_Your assignment_
Write the listing below out again in full, dropping its pictures.

═════ Dataset records

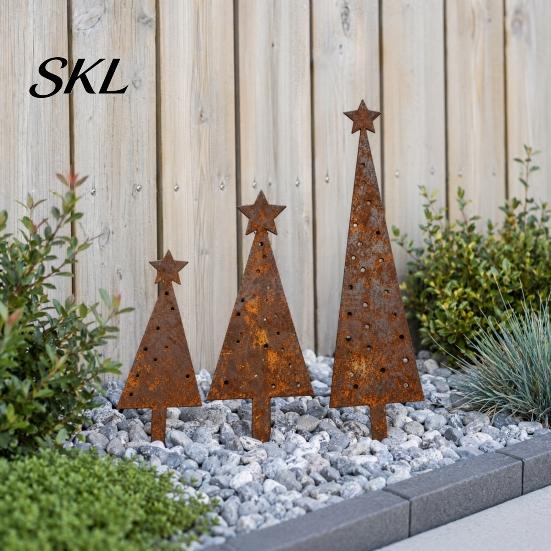 Metal Garden Ornaments 3 Pcs Christmas Tree Ornament Set, Star-Topped Yard Decorations, Rustproof Comfortable Accents Lightweight Holiday Decor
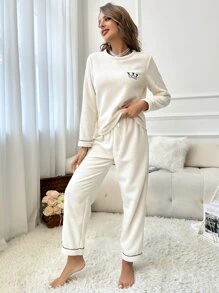 Crown Embroidery Contrast Piping PJ Set / Pajama Set White Set - White - View 3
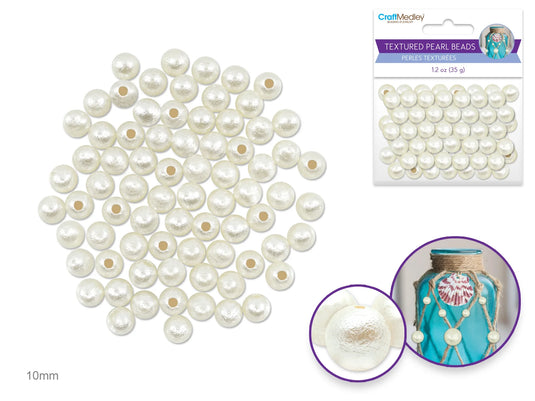 Pearl Beads: Acrylic Textured Effects Ivory 35g C) 10mm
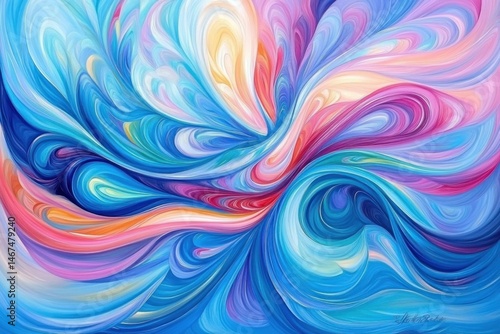 Abstract swirling pastel painting, colorful fluid art, decorative design, home decor, website background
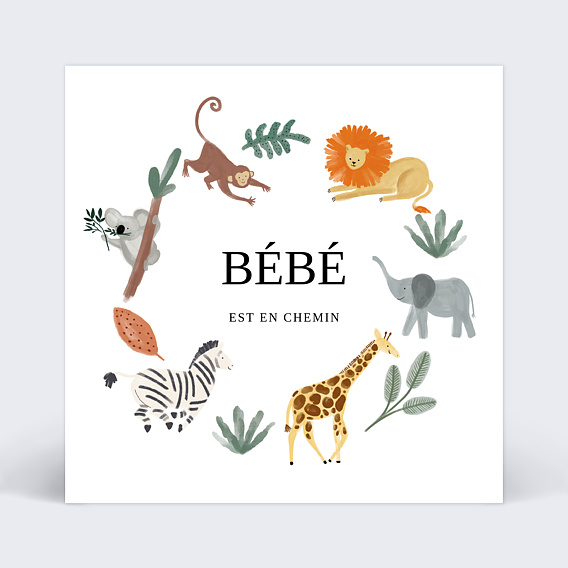 Carte Annonce Grossesse Couronne jungle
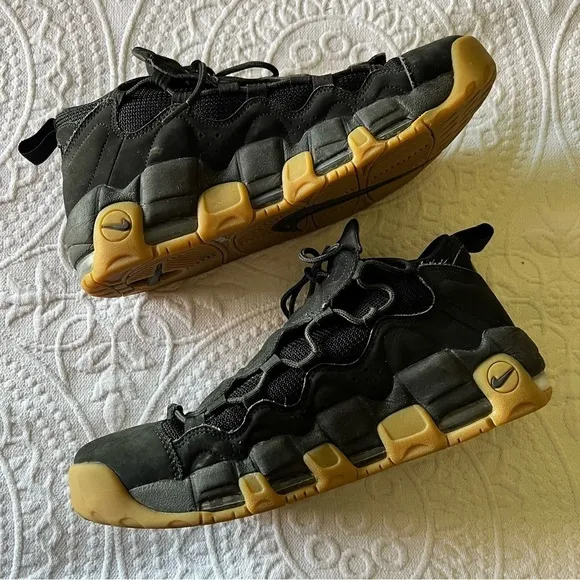 Nike Air More Money Uptempo‎ shoes black gum MENS SIZE 12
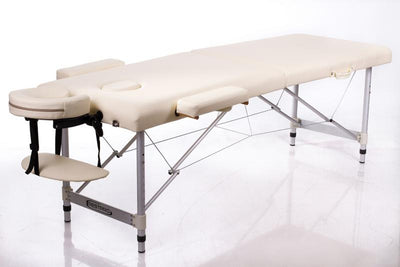 Sulankstomas masažo stalas Restpro ALU M2, 180 × 60 cm – kreminis stalas su galvos ir rankų atramomis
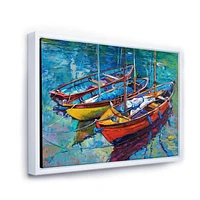 Designart Three Boats In The Harbor FLOAT FRAME WALL ART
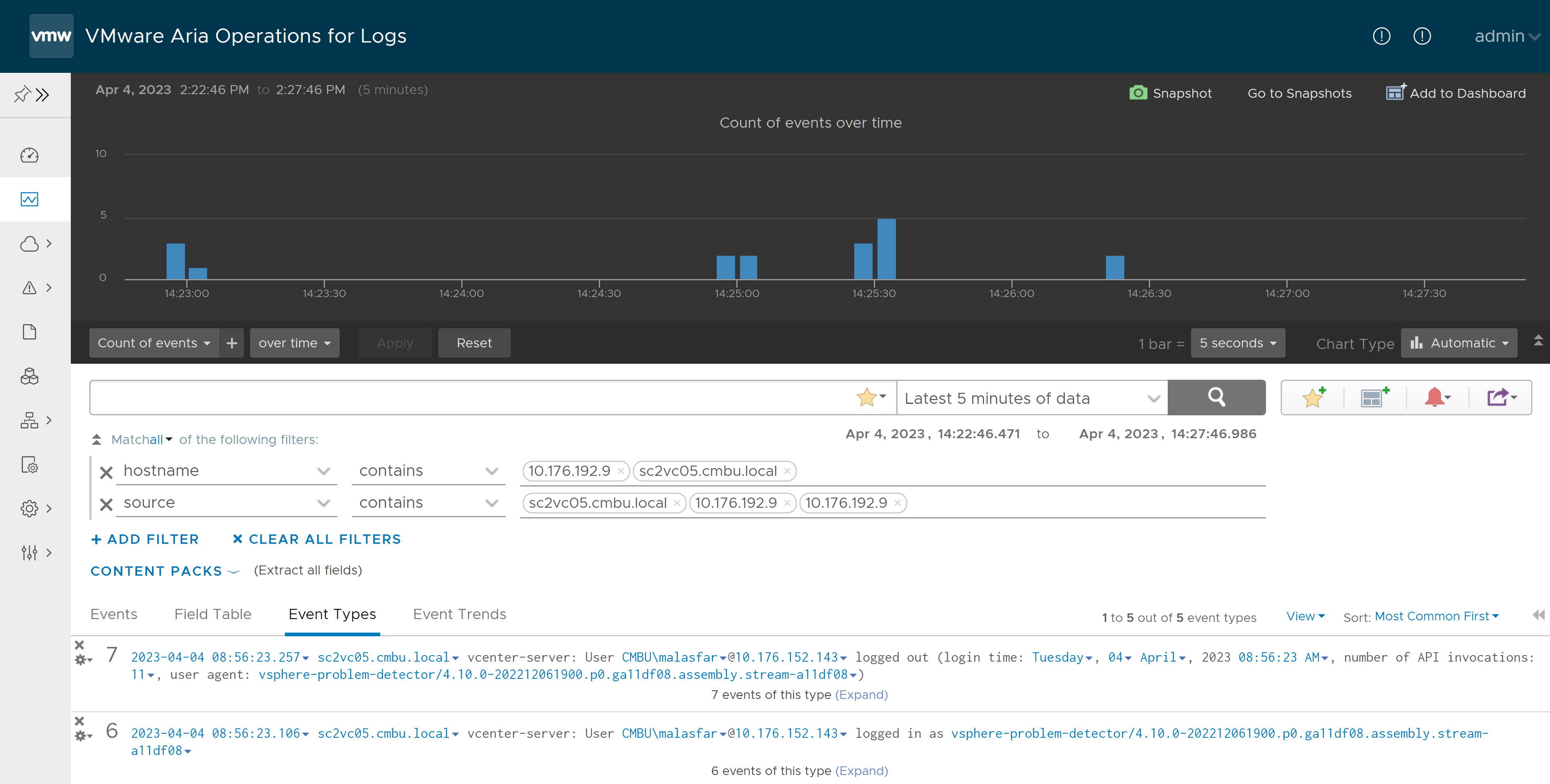 La página Explorar registros en la interfaz de usuario de VMware Aria Operations for Logs.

══════════

_Problem solution_
 Metal Garden Ornaments 3 Pcs Christmas Tree Ornament Set, Star-Topped Yard Decorations, Rustproof Comfortable Accents Lightweight Holiday Decor
 Crown Embroidery Contrast Piping PJ Set / Pajama Set White Set - White - View 3
 Pearl Beads: Acrylic Textured Effects Ivory 35g C) 10mm
 Abstract swirling pastel painting, colorful fluid art, decorative design, home decor, website background
 Carte Annonce Grossesse Couronne jungle
 Nike Air More Money Uptempo‎ shoes black gum MENS SIZE 12
 Sulankstomas masažo stalas Restpro ALU M2, 180 × 60 cm – kreminis stalas su galvos ir rankų atramomis
 Designart Three Boats In The Harbor FLOAT FRAME WALL ART
 La página Explorar registros en la interfaz de usuario de VMware Aria Operations for Logs.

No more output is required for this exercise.